For most web pages, Webdown downloads the entire HTML content at once before processing it. However, for very large web pages, this approach could use excessive memory and potentially cause issues on systems with limited resources.

To address this, Webdown automatically switches to a streaming mode when handling large web pages.

The 10MB Threshold

Webdown uses a fixed 10MB threshold to determine when to activate streaming mode:

  1. When requesting a web page, Webdown first checks its size
  2. If the page size is less than 10MB, the entire page is downloaded at once
  3. If the page size is 10MB or larger, streaming mode is activated

How Streaming Works

When streaming mode is activated:

  1. Webdown downloads the page in chunks rather than all at once
  2. Each chunk is processed as it's received
  3. Progress is reported based on the amount of data downloaded
  4. Memory usage remains controlled even for extremely large pages

The streaming implementation uses Python's requests library with stream=True and processes the response in iterations.
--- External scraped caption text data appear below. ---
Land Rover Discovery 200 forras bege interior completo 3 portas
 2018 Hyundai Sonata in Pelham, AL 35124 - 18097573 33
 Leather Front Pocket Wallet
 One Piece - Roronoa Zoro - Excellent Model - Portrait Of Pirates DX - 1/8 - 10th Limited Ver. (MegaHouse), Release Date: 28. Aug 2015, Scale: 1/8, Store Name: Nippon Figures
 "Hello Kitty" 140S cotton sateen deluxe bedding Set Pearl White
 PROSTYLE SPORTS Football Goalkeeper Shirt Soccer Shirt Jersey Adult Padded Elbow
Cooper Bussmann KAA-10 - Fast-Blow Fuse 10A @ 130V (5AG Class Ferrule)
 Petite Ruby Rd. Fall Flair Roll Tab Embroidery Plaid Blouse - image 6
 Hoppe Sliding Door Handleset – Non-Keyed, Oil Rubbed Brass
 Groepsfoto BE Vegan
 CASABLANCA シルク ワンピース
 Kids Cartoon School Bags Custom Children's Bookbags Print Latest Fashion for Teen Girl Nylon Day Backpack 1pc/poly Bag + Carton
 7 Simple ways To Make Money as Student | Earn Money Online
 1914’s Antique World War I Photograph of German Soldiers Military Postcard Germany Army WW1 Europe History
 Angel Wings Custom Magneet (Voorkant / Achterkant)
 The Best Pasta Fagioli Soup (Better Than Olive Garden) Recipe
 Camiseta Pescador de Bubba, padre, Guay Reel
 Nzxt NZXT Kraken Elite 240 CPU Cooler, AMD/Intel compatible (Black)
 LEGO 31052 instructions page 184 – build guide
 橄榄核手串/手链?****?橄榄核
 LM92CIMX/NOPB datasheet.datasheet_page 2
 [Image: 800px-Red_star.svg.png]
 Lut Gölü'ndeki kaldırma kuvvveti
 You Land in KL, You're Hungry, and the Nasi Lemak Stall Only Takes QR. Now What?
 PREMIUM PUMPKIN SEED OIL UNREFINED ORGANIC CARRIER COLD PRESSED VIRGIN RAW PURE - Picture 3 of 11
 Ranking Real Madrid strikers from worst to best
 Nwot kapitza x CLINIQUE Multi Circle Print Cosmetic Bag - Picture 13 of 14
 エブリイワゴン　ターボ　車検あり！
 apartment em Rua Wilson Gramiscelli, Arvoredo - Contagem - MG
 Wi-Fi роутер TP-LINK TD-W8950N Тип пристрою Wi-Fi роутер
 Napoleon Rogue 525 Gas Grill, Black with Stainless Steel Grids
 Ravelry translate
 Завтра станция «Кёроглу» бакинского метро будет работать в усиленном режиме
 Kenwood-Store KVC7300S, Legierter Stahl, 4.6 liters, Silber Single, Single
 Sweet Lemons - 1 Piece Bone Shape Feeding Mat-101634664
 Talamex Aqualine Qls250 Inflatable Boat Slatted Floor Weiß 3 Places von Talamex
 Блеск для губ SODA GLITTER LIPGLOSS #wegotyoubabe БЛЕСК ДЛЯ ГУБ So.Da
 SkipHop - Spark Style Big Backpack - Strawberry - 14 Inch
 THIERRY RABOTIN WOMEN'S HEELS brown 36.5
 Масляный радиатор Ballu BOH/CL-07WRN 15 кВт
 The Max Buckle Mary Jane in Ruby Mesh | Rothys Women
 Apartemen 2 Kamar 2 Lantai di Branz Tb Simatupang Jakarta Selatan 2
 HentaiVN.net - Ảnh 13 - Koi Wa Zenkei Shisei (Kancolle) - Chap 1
Progress Reporting in Streaming Mode

When streaming large pages, you'll notice the progress bar behaves slightly differently:

  • For regular downloads, the progress bar shows both the download and processing phases
  • In streaming mode, the progress bar primarily reflects the download progress

Example terminal output for a streaming download:

Downloading and processing https://example.com/largepage
[████████████████████] 100% | 15.8 MB | 00:04 remaining
Converting to Markdown... Done!

Technical Implementation

The streaming functionality is implemented through these key components:

  1. Size checking: Before downloading, Webdown sends a HEAD request to determine the content size
  2. Threshold decision: Based on the 10MB threshold, Webdown decides whether to stream
  3. Chunked download: For streaming, content is downloaded in reasonable chunks (8KB by default)
  4. Incremental processing: Each chunk is decoded and added to the processing buffer

This implementation balances memory efficiency with processing speed.

Common Questions

Why is 10MB the fixed threshold?

The 10MB threshold was chosen based on: - Testing with a wide range of web pages - Balancing memory usage and performance - Ensuring compatibility with most systems

This threshold works well for the vast majority of web pages while protecting against memory issues with extremely large pages.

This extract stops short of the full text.